If fresh food doesn’t fit into your budget, there are premium, dry food options like Sundays Dog Food or Spot & Tango’s UnKibble. Although I don’t know of any digestibility studies conducted on these dried foods, I would expect them to be more digestible since they are made with human-grade whole foods and don’t include the types of offending fillers cheap kibbles include.
Whatever dog food you choose, look for whole foods. Meat should always be the first ingredient, not meat meals or meat by-products. Organ meats are great for certain essential vitamins and minerals. Choose foods that avoid food powders, fillers (like corn, wheat, and soy), artificial ingredients, colors, or synthetic preservatives.
Veterinarians may prescribe medications to relieve the gas. According to the VCA, these may include zinc acetate, Yucca schidigera, or probiotics. They may take a stool sample.
It may be advised to feed your dog small, but more frequent meals if they eat quickly and become overly excited at mealtime. You may find a slow feeder bowl helpful as well as they require the dog to work for their food. And if you are feeding your dog fresh or wet food, a lick mat might slow them down.
Is diarrhea dangerous?
Diarrhea can be dangerous if not resolved quickly. You shouldn’t panic when you see it, since dogs commonly get diarrhea. But it is a health issue that requires attention.
Tiny dogs, such as Yorkies with diarrhea, are at risk of dehydration and hypoglycemia since they consume so few calories per day. Pay attention to puppies and senior dogs in particular, and try to keep them hydrated. Seek your vet’s help if the diarrhea is excessive, continues for an extended period of time, or if your dog won’t eat or drink.
If your dog ate fatty or spoiled food or is getting used to a new diet, they’ll probably recover quickly from a short bout of diarrhea. However, you should still keep an eye on it to ensure the diarrhea doesn’t worsen or last more than a few days.
If the diarrhea seems excessive, is accompanied by vomiting, dehydration, bloody stools, abdominal pain, lethargy, or if something just doesn’t seem right, trust your instinct and call your vet.
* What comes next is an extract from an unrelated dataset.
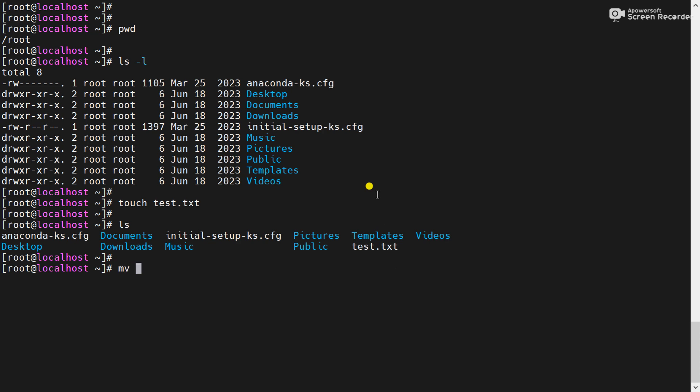Using the mv command, test.txt to .test.txt. That means we have added a dot before the file name.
You should also call your vet immediately if you suspect your dog ingested a foreign object or a toxic substance.
If you aren’t able to speak with your dog’s veterinarian, you can chat with one for free through Pawp.
What to do if your puppy experiences sudden gas and diarrhea
Puppies are growing at a rapid rate, so they need constant nourishment. If your puppy begins experiencing excessive gas and diarrhea, it’s a good idea to call your vet and follow their protocol.
In the meantime, offer bland food like white rice or dog-safe chicken broth, plus lots of fresh water.
Although gas and occasional diarrhea are bound to happen on occasion, most prolonged issues can be eliminated by offering healthy, whole dog food and avoiding other foods like table scraps, unhealthy treats, and access to spoiled food or non-food items.
If your dog experiences chronic bad gas or loose stools, visit your vet.